Santosh Desai takes us through the pre-liberalisation India. What it meant to live and grow up in those years. For those of us who had a taste of life in those decades it’s an interesting journey back to shortages, austerity, restraint, and low key lifestyle of the middle class. For Gen-Next the book is a peek into a scenario they will never know because our economic reforms have really pitch-forked the burgeoning middle class into a lifestyle where consumer is king, there is no licence Raj, and life is lived on a faster track!
The highpoints of the book in these times when the line between good literature and journalism is getting blurred is that it falls in the ‘Journalism is Literature in a hurry’ category and makes interesting reading.
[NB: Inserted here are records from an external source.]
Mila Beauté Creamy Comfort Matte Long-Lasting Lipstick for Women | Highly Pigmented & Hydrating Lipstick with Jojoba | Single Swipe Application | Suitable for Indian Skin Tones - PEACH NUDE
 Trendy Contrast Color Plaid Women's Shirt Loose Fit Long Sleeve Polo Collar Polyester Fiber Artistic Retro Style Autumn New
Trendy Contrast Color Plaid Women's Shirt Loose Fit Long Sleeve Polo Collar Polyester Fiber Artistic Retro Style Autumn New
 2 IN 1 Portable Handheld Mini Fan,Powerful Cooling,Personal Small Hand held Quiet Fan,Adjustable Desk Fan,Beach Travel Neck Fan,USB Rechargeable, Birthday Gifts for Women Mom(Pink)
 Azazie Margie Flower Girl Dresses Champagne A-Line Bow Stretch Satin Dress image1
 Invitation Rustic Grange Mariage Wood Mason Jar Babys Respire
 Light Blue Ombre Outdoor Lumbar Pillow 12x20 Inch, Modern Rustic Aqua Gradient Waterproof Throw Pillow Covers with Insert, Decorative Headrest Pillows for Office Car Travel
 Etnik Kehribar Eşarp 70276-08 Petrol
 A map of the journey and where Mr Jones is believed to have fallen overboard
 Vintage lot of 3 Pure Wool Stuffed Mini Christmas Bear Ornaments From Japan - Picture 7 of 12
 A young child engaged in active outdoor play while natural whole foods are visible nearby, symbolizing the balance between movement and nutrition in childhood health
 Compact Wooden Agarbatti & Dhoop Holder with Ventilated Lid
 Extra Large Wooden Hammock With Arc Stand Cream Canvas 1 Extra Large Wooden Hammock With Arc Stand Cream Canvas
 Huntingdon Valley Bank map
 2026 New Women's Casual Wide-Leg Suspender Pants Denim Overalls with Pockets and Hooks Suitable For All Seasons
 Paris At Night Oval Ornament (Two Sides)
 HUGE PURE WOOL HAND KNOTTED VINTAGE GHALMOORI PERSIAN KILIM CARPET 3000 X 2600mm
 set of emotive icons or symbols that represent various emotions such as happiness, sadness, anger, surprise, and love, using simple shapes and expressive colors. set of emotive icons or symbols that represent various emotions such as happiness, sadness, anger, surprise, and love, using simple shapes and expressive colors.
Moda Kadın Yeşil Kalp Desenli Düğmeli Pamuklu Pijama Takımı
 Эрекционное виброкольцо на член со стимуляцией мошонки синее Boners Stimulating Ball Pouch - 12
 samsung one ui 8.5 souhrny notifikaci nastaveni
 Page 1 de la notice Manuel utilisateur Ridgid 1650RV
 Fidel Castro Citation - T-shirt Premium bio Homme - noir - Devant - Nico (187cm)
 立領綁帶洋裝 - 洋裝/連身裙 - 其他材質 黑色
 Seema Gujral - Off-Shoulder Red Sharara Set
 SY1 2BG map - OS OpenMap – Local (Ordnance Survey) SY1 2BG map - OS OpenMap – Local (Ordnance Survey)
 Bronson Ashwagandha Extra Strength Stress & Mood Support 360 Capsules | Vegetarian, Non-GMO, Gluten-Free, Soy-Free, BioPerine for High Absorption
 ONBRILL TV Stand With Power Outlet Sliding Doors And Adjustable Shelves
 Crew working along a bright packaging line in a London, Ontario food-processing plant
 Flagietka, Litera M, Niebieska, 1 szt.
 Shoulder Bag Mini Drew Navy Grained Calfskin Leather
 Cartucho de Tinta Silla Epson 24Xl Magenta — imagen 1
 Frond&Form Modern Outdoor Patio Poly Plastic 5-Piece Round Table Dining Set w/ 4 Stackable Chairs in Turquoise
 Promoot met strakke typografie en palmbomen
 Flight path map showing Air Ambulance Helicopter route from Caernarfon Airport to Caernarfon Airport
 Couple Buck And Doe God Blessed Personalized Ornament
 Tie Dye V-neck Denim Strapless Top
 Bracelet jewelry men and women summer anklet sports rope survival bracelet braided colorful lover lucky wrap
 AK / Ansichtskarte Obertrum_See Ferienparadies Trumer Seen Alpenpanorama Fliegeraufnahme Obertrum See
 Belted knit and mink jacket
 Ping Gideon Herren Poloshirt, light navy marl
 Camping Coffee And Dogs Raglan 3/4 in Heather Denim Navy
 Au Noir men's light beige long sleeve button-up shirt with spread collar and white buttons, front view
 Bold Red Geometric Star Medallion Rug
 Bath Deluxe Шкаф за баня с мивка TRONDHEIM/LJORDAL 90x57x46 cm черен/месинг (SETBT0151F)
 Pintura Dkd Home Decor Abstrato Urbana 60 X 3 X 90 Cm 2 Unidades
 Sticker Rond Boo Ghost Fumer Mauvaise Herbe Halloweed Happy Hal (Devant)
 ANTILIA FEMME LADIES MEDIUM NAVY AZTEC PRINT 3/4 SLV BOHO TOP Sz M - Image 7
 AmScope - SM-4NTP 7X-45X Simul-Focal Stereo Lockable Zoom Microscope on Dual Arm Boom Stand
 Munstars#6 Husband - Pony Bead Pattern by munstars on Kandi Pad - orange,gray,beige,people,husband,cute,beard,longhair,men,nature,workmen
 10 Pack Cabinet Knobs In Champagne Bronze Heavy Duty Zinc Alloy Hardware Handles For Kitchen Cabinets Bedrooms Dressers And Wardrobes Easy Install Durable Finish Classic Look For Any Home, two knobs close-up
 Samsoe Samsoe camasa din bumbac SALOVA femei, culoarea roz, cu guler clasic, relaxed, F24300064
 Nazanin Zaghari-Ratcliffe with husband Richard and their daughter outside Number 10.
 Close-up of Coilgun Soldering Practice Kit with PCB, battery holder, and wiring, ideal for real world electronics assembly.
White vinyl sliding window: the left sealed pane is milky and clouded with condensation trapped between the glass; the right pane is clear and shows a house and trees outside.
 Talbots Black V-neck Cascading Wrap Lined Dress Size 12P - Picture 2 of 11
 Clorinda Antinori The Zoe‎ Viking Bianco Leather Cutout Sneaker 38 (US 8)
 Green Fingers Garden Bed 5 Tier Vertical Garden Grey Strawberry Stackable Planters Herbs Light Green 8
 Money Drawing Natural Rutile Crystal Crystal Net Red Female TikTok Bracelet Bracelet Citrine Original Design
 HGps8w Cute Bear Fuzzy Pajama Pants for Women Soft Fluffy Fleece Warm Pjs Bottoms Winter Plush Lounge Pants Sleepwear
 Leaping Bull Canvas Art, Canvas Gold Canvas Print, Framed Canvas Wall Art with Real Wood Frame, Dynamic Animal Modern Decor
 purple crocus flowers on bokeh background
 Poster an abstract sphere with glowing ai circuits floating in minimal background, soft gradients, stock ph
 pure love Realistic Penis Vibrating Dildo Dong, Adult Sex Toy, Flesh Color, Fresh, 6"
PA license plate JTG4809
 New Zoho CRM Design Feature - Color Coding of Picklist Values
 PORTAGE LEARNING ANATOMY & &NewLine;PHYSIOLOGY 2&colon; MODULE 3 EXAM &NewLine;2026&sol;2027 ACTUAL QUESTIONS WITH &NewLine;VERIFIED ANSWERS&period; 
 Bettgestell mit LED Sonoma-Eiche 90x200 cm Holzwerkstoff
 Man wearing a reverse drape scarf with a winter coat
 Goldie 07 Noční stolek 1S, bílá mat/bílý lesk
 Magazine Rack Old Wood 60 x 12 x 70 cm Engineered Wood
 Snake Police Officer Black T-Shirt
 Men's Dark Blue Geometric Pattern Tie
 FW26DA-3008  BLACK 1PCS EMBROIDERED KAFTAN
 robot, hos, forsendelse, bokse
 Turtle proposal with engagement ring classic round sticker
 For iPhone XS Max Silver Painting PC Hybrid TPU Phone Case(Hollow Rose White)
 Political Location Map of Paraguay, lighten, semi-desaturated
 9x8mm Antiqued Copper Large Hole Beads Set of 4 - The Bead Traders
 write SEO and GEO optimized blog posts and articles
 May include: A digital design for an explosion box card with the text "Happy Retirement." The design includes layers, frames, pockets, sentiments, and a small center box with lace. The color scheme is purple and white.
A sentence in one of the chapters goes thus, ‘Looking back, one is struck by how little material was used in creating such a rich and satisfying experience. Scarcity, when pooled, seemed to transform magically into an abiding sense of plenty.’ Paisa vasool, says the author, was another major element in every activity – be it a film, the price of vegetables, or the hair clips one buys after devoting much time and lots of energy to bargaining.
It was both interesting and amazing the manner in which the little pleasures of life came from – watching Chitrahaar in homes which had television, and it mattered very little if you knew the owner of the television, or popular tastes created by Antakshari, and Vividh Bharati, or the family outings astride “Hamara Bajaj” (please note, families were yet to get into the ‘Hum do hamare do’ mode).
It is not that all of the nearly 400 pages have been devoted to the pre-liberalisation days. Desai’s narrative follows up with the coming of age of the post liberalisation India – eating out, mobility for girls in lesser towns with the arrival of lighter, cheaper two wheelers, Maruti on the roads, the Indian nightie becomes a formal garb as does the salwar-kameez!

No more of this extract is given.